When a power of attorney is considered “general”, this means that the attorney can perform almost any act that the donor can perform. This includes opening financial accounts and managing personal finances.

A person may choose to create a general power of attorney in order to give money managers the authority to buy and sell investments on behalf of the donor.

This arrangement is automatically terminated when the donor becomes mentally incapacitated or passes away.

Durable Power of Attorney

A durable power of attorney is an arrangement that allows the attorney to act on the donor’s behalf just as the general power of attorney.

The difference here is that the durable power of attorney maintains the power of attorney even after the donor becomes mentally incapacitated.

This type of power of attorney is often used when individuals wish to have one trusted person deal with their finances and other responsibilities should they become mentally incapable of doing so.

Special or Limited Power of Attorney

Special or limited power of attorney grants the attorney specific powers related to certain areas of the donor’s life. For example, the attorney may be given the authority to sell the donor’s property if they are not available to do so.

Because special power of attorney is limited to what is specified in the signed document, it is important that the donor is abundantly clear about what power they wish to bestow upon the attorney.
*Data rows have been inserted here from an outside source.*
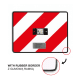 Tablica p/gab.z ośw.LED białym 30x40cm L-ramka -zdjęcie numer 1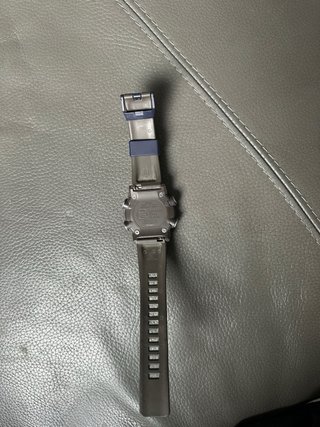 Casio G-SHOCK Carbon Core Guard Reloj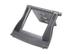 KENSINGTON NOTEBOOK STATION EASY RIDER W/ 4-PORT USB 2.0 HUB NS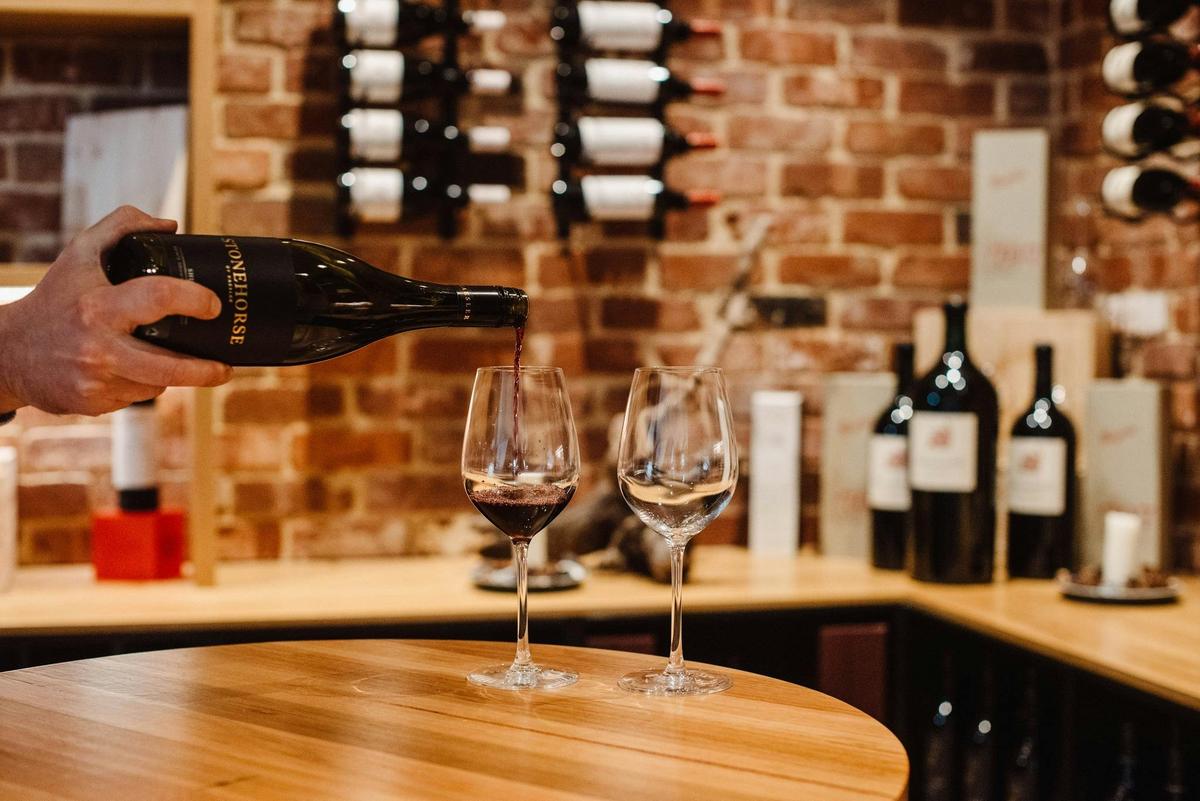 Angus & Co. Barossa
Donors can also create more than one special power of attorney to assign different responsibilities to different individuals.
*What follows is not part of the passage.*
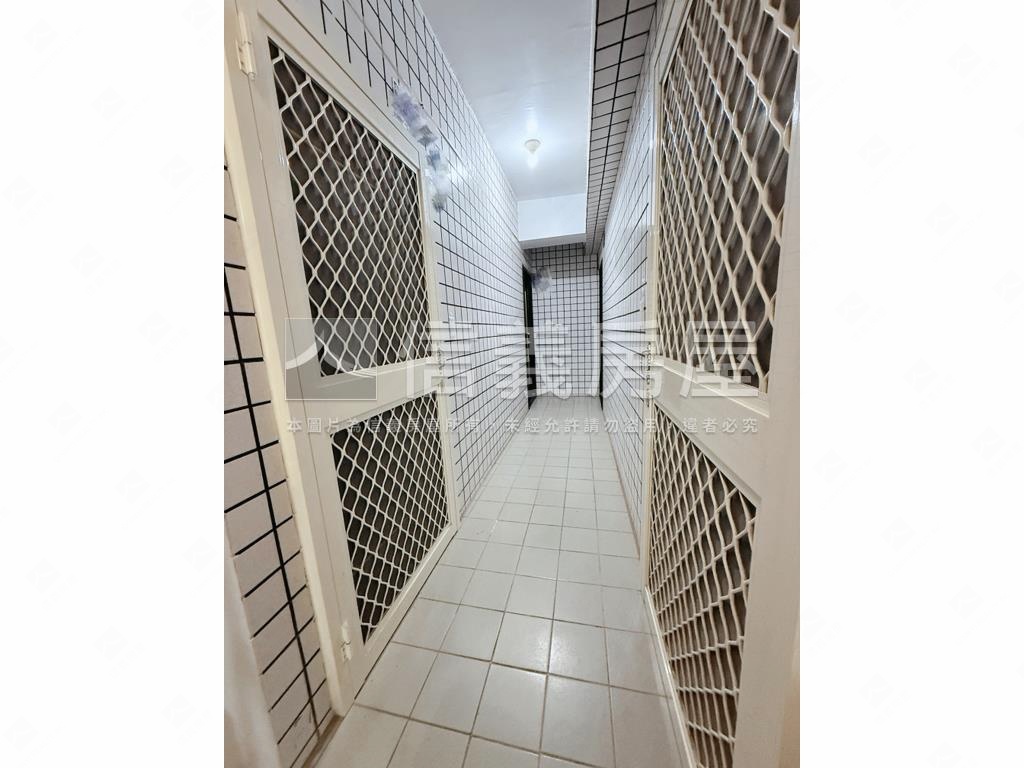 勤益低總價收租美套（Ａ）房屋室內格局與周邊環境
Springing Durable Power of Attorney

In some areas, a springing durable power of attorney is available. It becomes effective when a specific event occurs in the donor’s life, such as becoming mentally incapacitated.

For example, someone in the military may implement a springing durable power of attorney in case they are deployed overseas or in case they are disabled during their service. This way, an attorney is automatically appointed and can take care of the individual’s financial affairs.
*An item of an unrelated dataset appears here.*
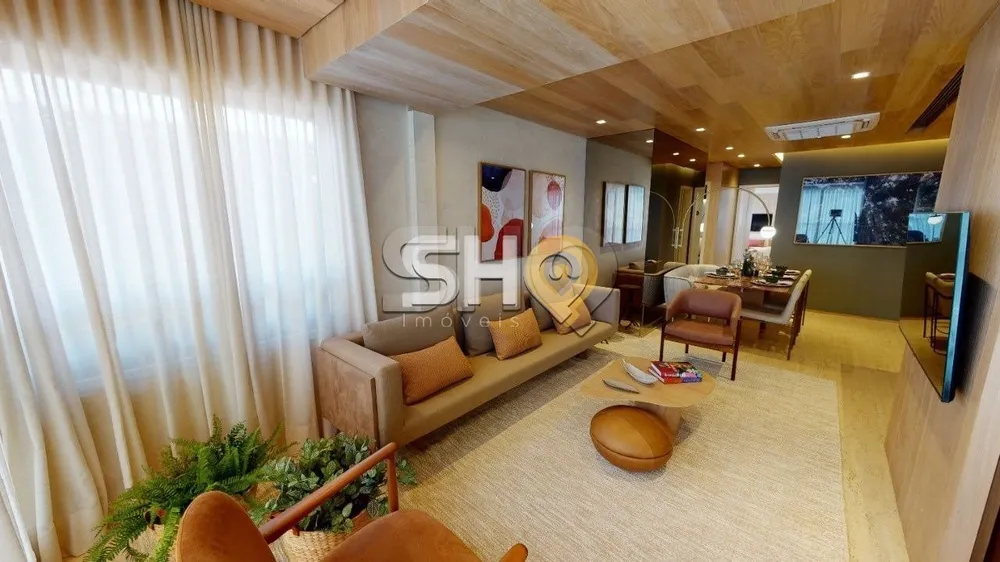 Apartamento, 3 quartos, 87 m² - Foto 12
Having a spring durable power of attorney prevents confusion and conflict involving an individual’s property and finances.

How Important Is It to Have a Power of Attorney?

You may believe that having a will to sort out your assets after your death is a sufficient way to protect your finances and property.

However, have you ever considered what would happen to your assets if you no longer had the capacity to make decisions about these things?

Without a power of attorney, your family cannot access your assets. Unless your accounts are in joint names with your spouse, the banks have every right to freeze your accounts until an alternative form of authority is given.

Without a power of attorney, should you become mentally incapacitated, your spouse or family member will have to initiate proceedings and applications to gain statutory guardianship over your assets and finances. This can be a long and expensive process.

Without a power of attorney, the family member applying for guardianship may not be the individual you would choose to handle your affairs.

By signing a power of attorney, you are protecting yourself should anything happen to you in the future. You are ensuring that your affairs are handled exactly the way you want them to be handled.

Choosing the type of power of attorney appropriate to your situation, and filling out the necessary paperwork, can be confusing and frustrating.